The street in front of NASA headquarters was given the name Hidden Figures Way in 2019.
Jackson graduated from the Hampton Institute in 1942 with a dual degree in math and physical sciences. She began her career in 1951 as part of a segregated unit of Black women mathematicians in what is now the Langley Research Center in Hampton, Virginia.
They did calculations in the pre-computer days of the U.S Space Program. Jackson was eventually promoted to engineer, and in 1979, joined Langley’s Federal Women’s Program to influence the hiring and promotion of women in NASA’S science, technology, engineering and mathematics careers.
She retired in 1985 and passed away in 2005 at 101 years old. In 2019, she was posthumously awarded the Congressional Gold Medal, along with her esteemed Black colleagues Christine Darden, Katherine Johnson and Dorothy Vaughan.
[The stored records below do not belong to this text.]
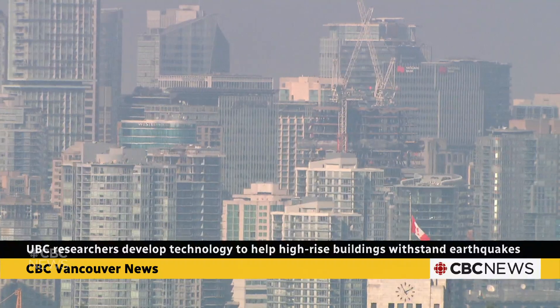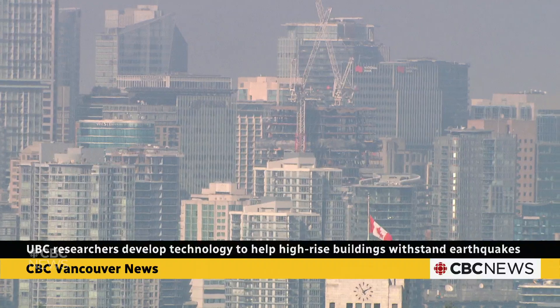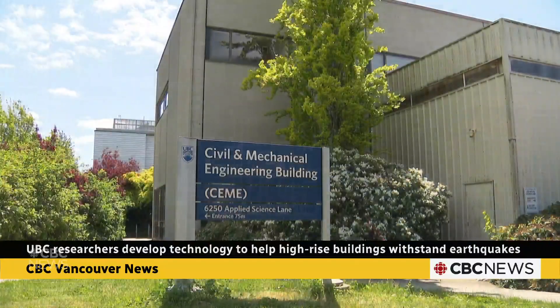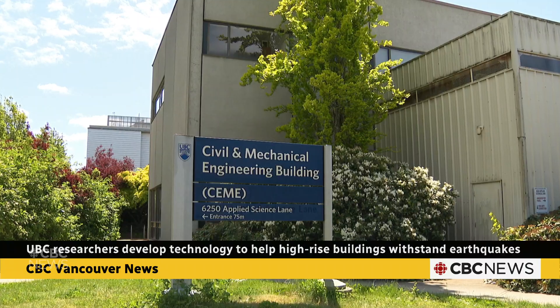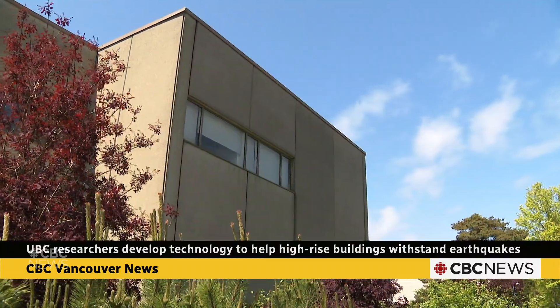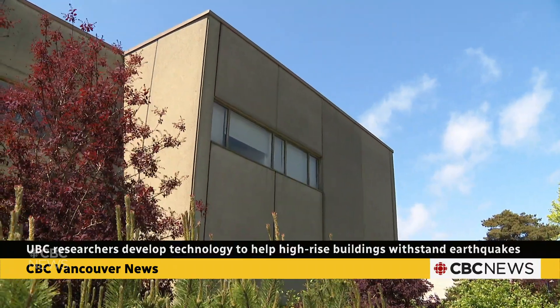Yong says the technology for new build high-rises is ready to be implemented and compatible under local building codes. His team is hoping to bring some stability to earthquake-prone cities like Vancouver. Rene Lucas, CBC News, Vancouver.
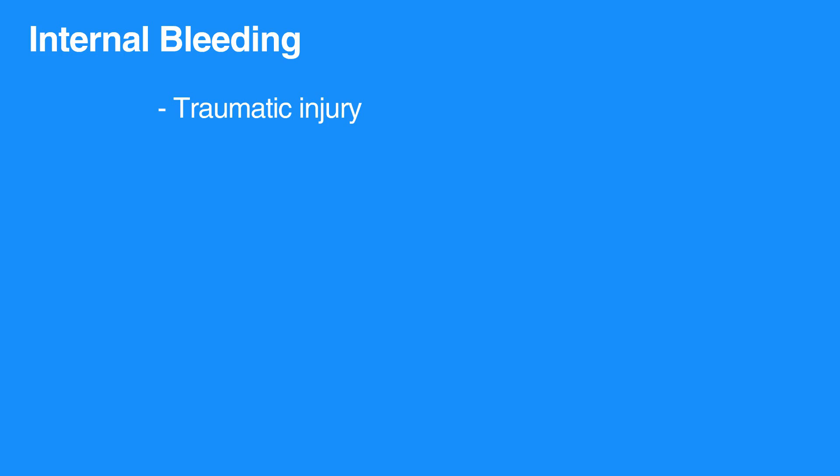Certain situations may produce massive internal bleeding that is not visible when examining the individual. This may occur from trauma, falls from a height, car accidents, or crash injuries. Penetrating injuries caused by a knife or gunshot may produce devastating internal bleeding with very little external blood loss. Anytime you suspect these injuries, immediately call 911 and help the individual lie down and remain still.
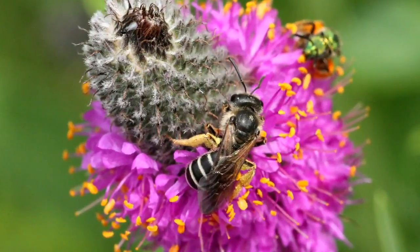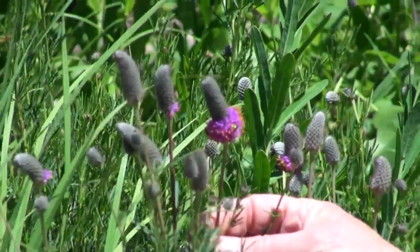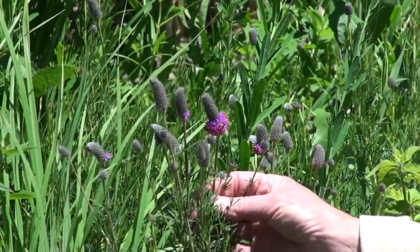Dahlia purpurea is fairly short in the legume family, a good choice for prairie and wildflower gardens.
“Mary W. Jackson was part of a group of very important women who helped NASA succeed in getting American astronauts into space,” NASA Administrator Jim Bridenstein said in a statement Wednesday.
In their news release on Wednesday, NASA reported that Mary Jackson’s daughter, Carolyn Lewis, was honored by their decision.
“She was a scientist, humanitarian, wife, mother and trailblazer who paved the way for thousands of others to succeed, not only at NASA, but throughout this nation,” said Lewis.
For many people, Jackson’s legacy was unknown until the film Hidden Figures was released, but she is someone we all should know about. Now that the nation is calling for racial justice and equity, it’s time to honor the Black pioneers and inspiring figures and bring them out of the dark.